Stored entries
-=-=-
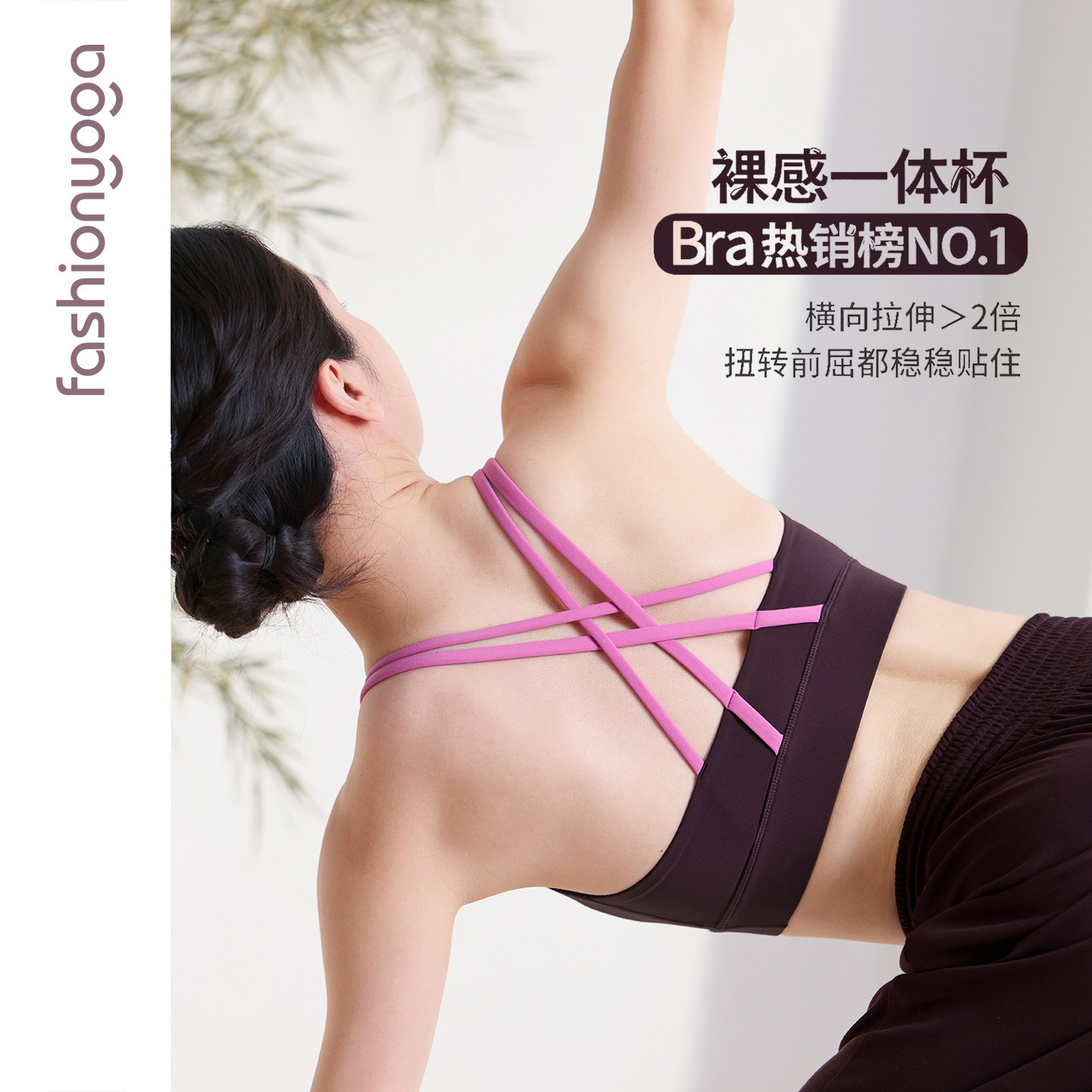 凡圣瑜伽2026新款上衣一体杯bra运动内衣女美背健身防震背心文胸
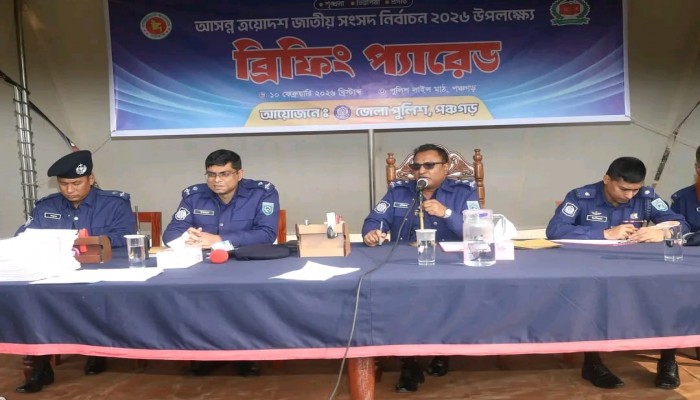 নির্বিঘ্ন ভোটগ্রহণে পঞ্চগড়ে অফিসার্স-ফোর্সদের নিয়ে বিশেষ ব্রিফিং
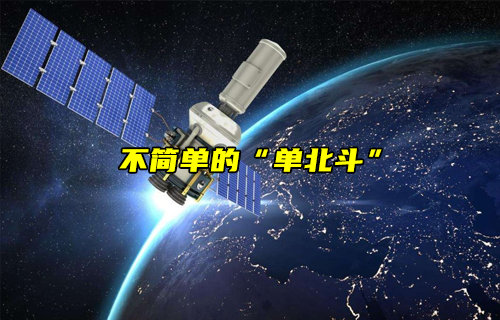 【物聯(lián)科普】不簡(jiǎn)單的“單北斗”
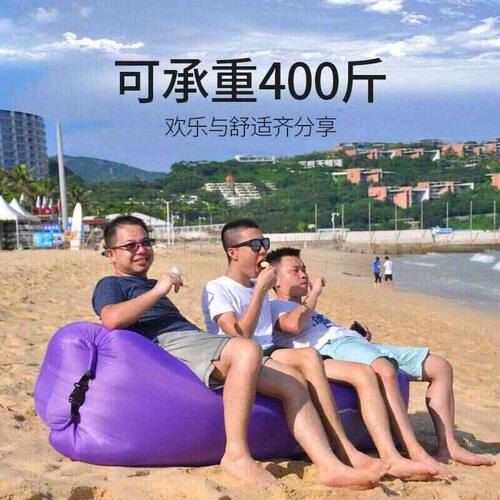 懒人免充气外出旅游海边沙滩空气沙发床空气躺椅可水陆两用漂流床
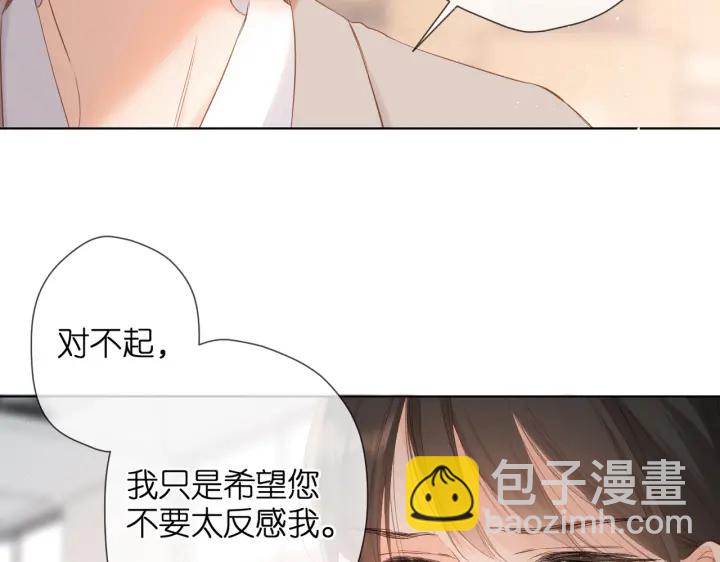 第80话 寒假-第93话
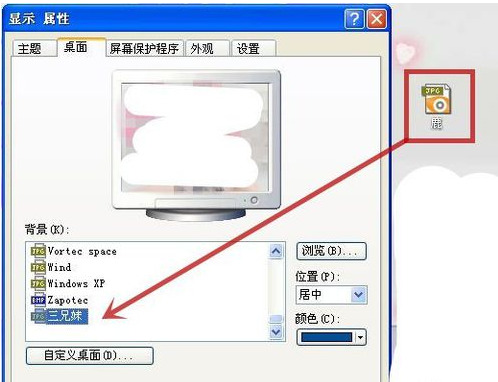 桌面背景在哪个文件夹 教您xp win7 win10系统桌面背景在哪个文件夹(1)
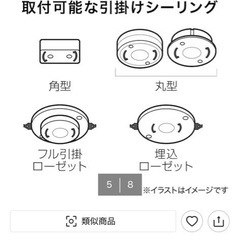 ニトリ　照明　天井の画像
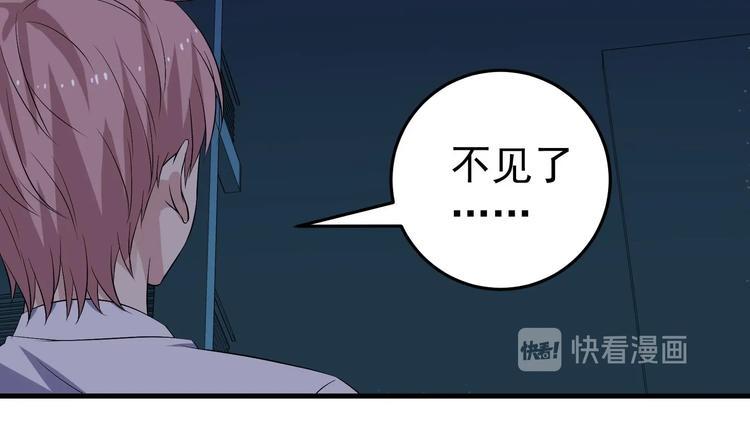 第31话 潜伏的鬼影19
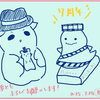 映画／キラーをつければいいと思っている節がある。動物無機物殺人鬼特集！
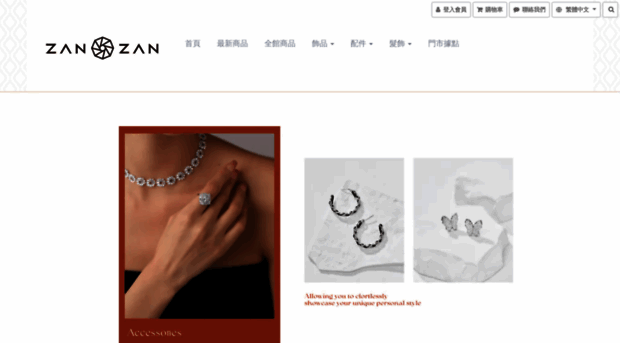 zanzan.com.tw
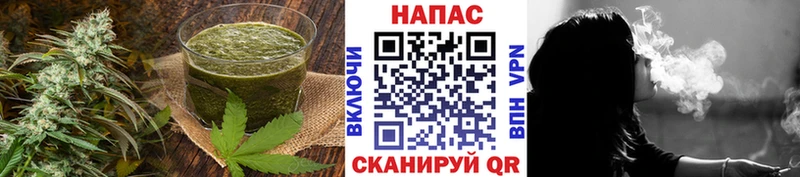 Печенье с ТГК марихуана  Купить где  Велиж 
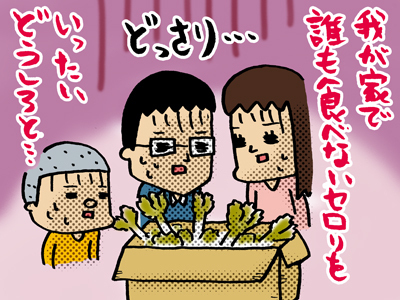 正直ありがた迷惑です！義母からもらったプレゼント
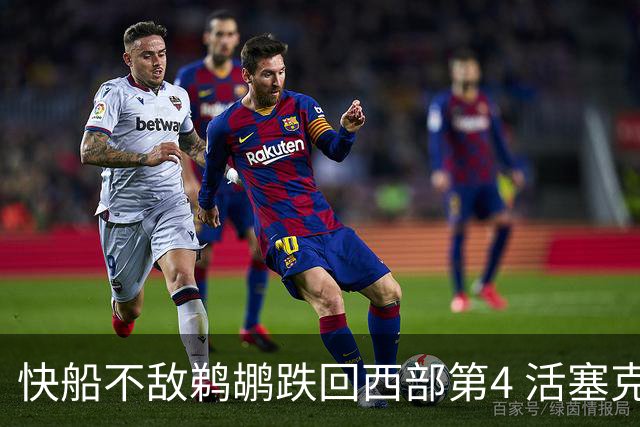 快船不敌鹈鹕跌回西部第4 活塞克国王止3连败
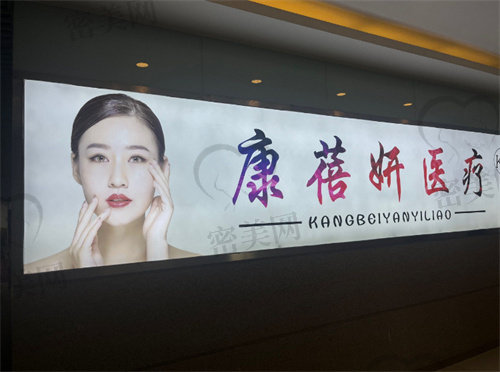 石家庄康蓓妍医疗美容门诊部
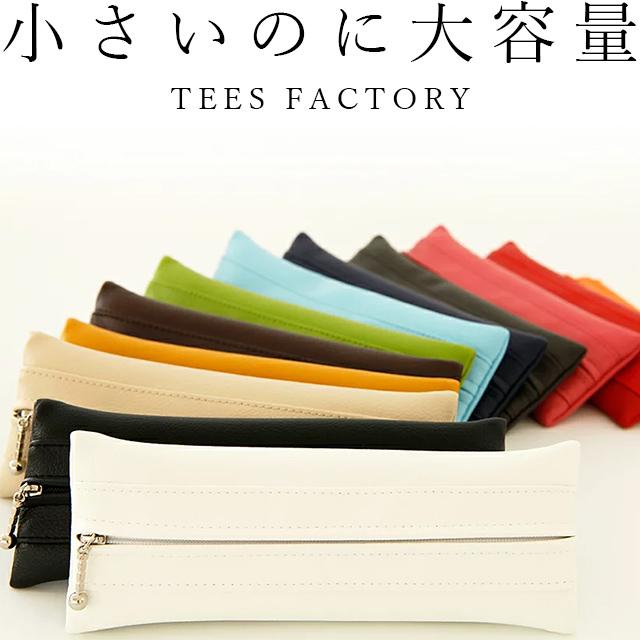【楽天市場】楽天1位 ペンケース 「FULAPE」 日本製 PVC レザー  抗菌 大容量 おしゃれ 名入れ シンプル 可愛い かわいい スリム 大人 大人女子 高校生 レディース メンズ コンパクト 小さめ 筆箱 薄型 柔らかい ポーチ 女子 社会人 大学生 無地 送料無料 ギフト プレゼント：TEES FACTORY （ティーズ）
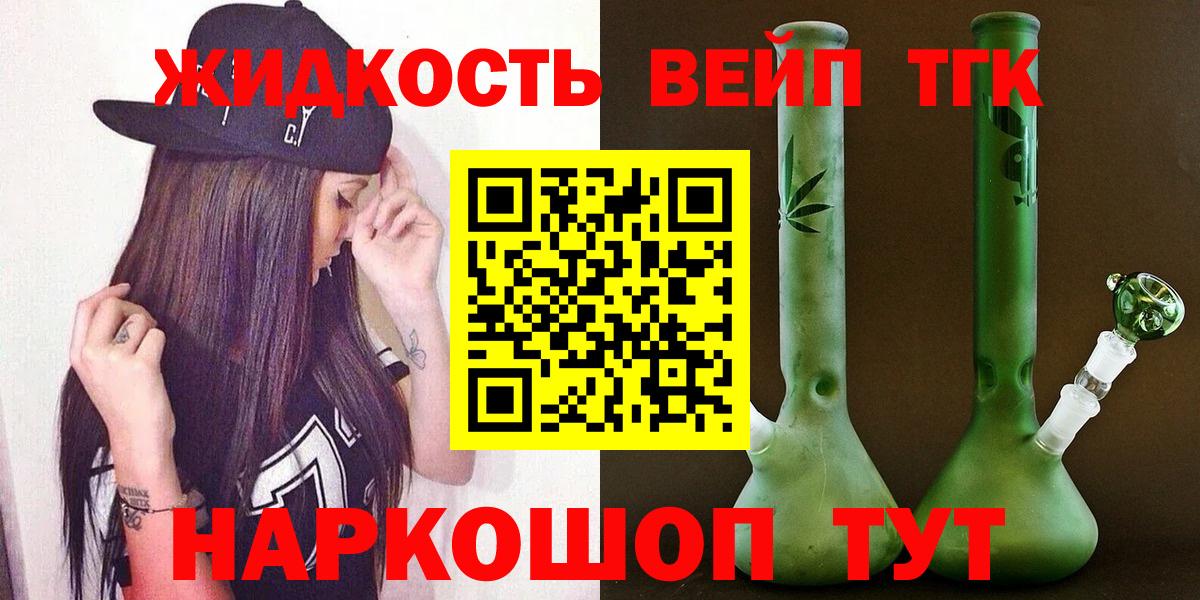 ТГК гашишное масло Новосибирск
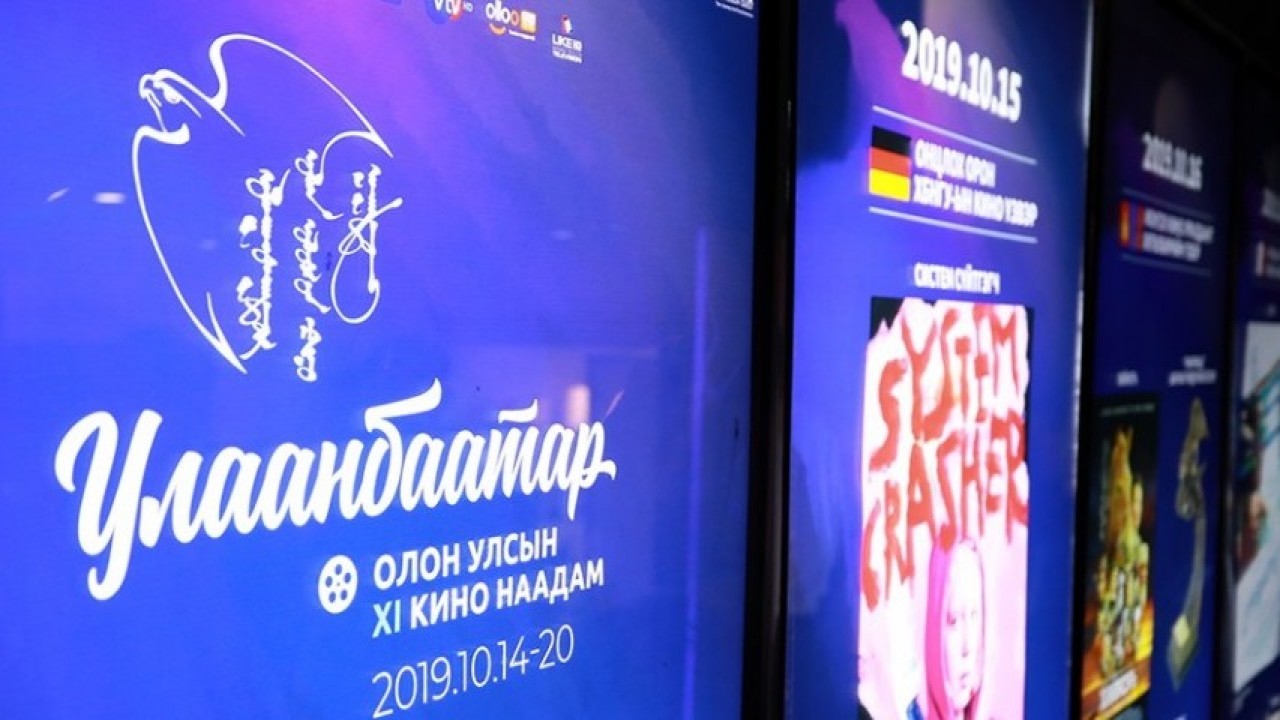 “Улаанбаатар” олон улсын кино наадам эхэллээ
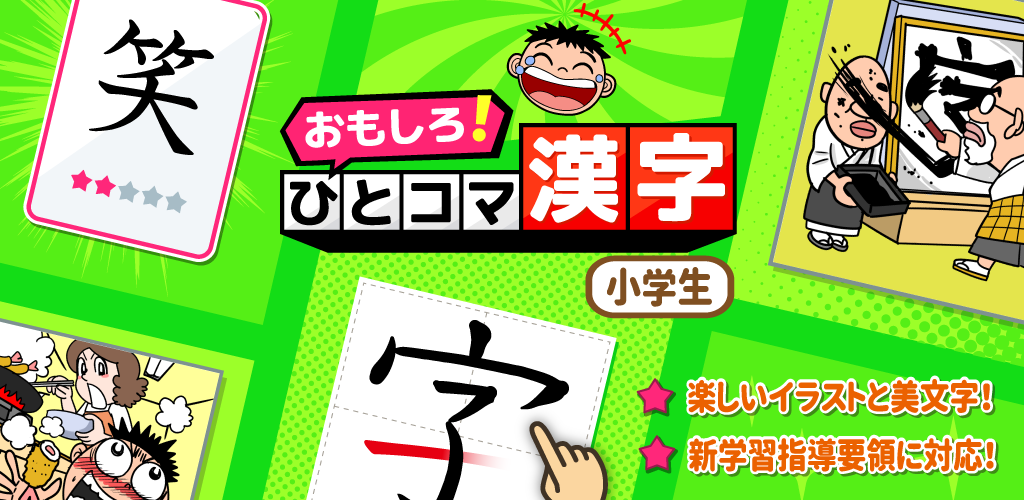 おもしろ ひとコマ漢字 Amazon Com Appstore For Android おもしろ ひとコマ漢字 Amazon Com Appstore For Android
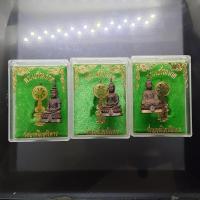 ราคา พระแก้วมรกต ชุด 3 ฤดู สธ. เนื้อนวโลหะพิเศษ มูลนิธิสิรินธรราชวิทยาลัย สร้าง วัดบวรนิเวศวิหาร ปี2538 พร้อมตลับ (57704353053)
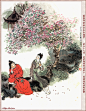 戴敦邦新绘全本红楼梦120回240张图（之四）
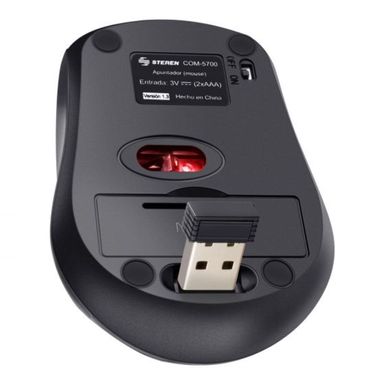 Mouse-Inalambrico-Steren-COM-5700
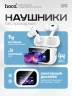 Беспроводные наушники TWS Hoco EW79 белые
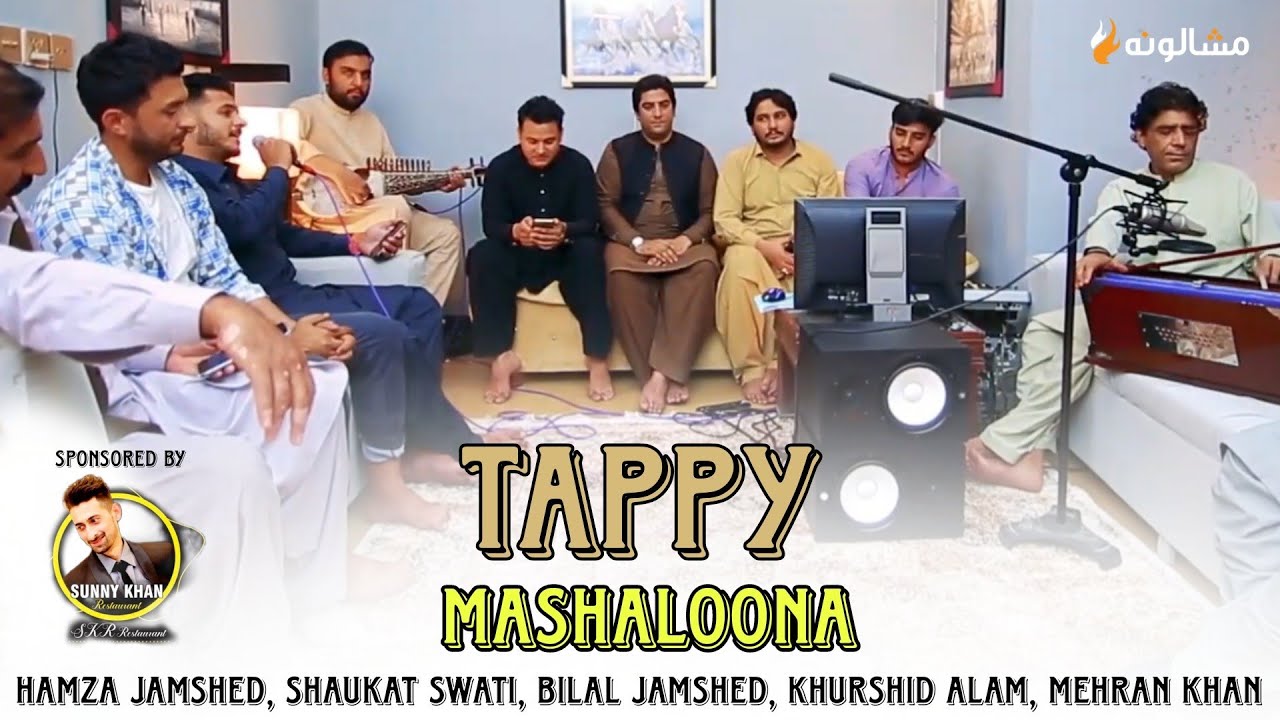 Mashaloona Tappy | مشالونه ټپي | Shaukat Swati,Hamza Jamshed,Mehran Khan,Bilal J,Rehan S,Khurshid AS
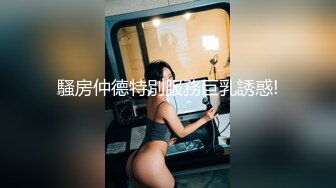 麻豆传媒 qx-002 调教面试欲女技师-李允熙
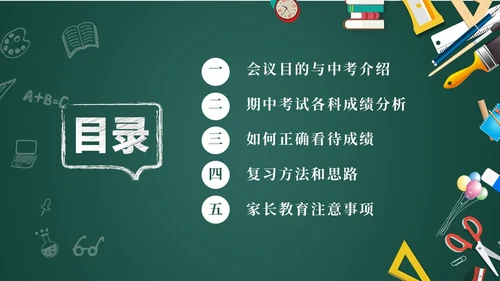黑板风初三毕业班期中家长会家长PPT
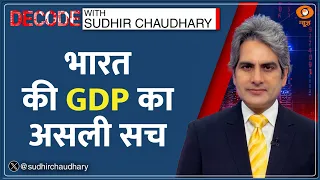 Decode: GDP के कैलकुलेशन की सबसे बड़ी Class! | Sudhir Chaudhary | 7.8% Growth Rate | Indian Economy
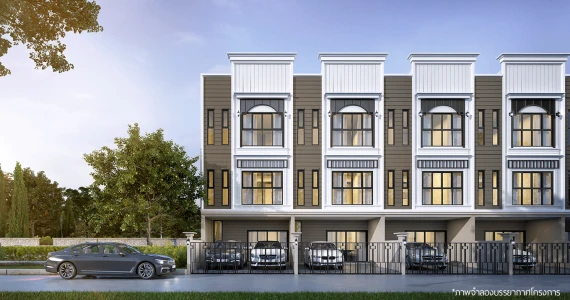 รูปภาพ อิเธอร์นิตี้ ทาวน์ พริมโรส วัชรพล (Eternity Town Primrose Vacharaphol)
-=-=-
▶ Problem description: Beginning with the line that contains "Mouse-Inalambrico-Steren-COM-5700" and ending with the last line of the entries above, repeat each line exactly, but not the pictures.

▶ Output of the task:
 Mouse-Inalambrico-Steren-COM-5700
 Беспроводные наушники TWS Hoco EW79 белые
 Mashaloona Tappy | مشالونه ټپي | Shaukat Swati,Hamza Jamshed,Mehran Khan,Bilal J,Rehan S,Khurshid AS
 麻豆传媒 qx-002 调教面试欲女技师-李允熙
黑板风初三毕业班期中家长会家长PPT
 Decode: GDP के कैलकुलेशन की सबसे बड़ी Class! | Sudhir Chaudhary | 7.8% Growth Rate | Indian Economy
 รูปภาพ อิเธอร์นิตี้ ทาวน์ พริมโรส วัชรพล (Eternity Town Primrose Vacharaphol)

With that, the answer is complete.